The hearing before a panel of judges in Boise, Idaho was to consider whether lawsuits from some 200 plaintiffs should be consolidated into one or several cases, and where the trial or trials should take place.
British energy giant BP argued in favor of Houston, Texas -- headquarters of the oil industry and where it has set up its control rooms to coordinate its response to what has been called America's worst environmental disaster.
"The better access to evidence is in Houston. The key evidences are by far in Houston," BP attorney Andrew Langan told a packed courtroom.
But the plaintiffs hit back that the case should be heard closer to locations hit hardest by the oil spill, such as Louisiana or Alabama, with New Orleans appearing to be their preferred option.
"We have a very special culture in New Orleans and our culture has been damaged," said attorney Russ Hermann, representing shrimpers, hotels, food processors and boat captains.
"And we would like the case there so that our people have hope, and so that the country and the world are focused where the damages occurred."

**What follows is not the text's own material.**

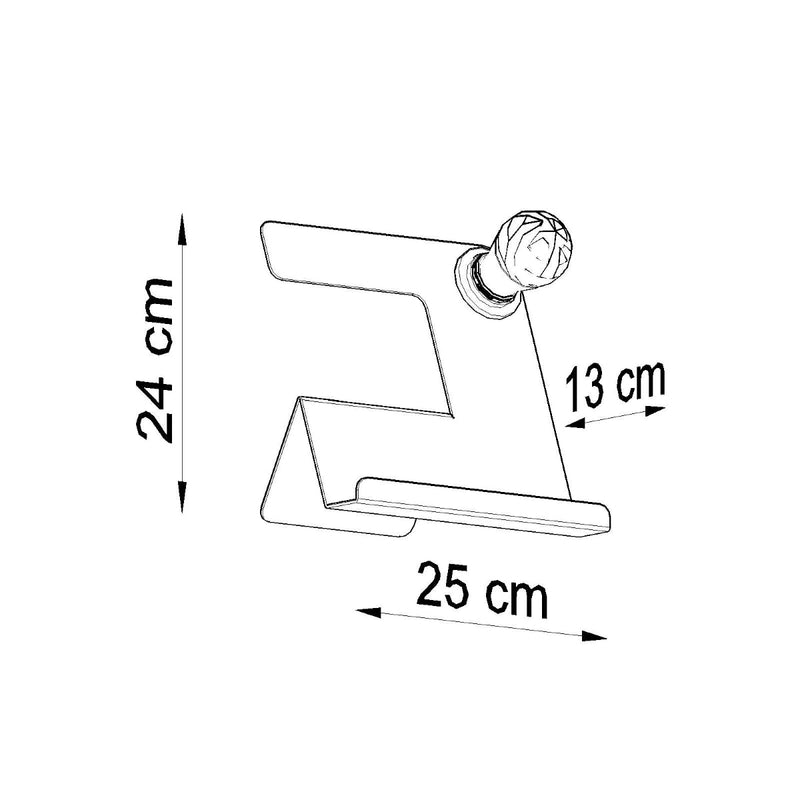 Dimensions Lampe de Table Support Blanche en Acier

A decision is expected in around two weeks, but the 90-minute session gave lawyers a test run for the arguments they will make during legal proceedings that could stretch out for years.
Law professor Richard Nagareda said the seven federal judges of the Multidistrict Litigation Panel (MDL Panel) could in theory choose to send the sprawling oil-spill litigation to one judge in one federal US court.
"The panel may very well be inclined to choose a judge located around the Gulf Coast area," said Nagareda, a professor at Vanderbilt University.
US prosecutor Stephen Flynn backed the plaintiffs' argument to move the case to Louisiana, his jurisdiction.
"We are not a party to the case, but we were asked our opinion," he said. "We think that a case of this magnitude should be centralized geographically."
He argued that Louisiana offered "best access for the plaintiffs and witnesses, and most of the economic and natural damages were in Louisiana."
The hearing brought together a wide array of people and players linked to the disaster triggered by an April 20 explosion aboard the Deepwater Horizon rig, some 50 miles (80 kilometers) off the coast of Louisiana.
Eleven people were killed in the explosion, which caused the platform to sink two days later. Since then, an estimated three to 5.2 million barrels (117.6 million to 189 million gallons) gushed out into the Gulf.
Joining BP in court were Transocean, which leased the rig to BP, Cameron International, which manufactured the blow-out preventer, the device which should have shut down the well but failed to work properly, and Halliburton, the oil services company which had finished cementing the well only 20 hours before the rig exploded.
Plaintiffs range from the families of the 11 workers killed in the explosion to Gulf fishermen whose catch has been contaminated by the spill, threatening them with financial ruin.
Attorney Elizabeth Cabraser, representing fishermen, oystermen and property owners, told AFP there was a strong argument for holding the trial in the affected Gulf states.
"It would be very difficult to explain to the average person why the case has been (heard) in the oil industry's headquarters hometown. People would have a hard time getting past that."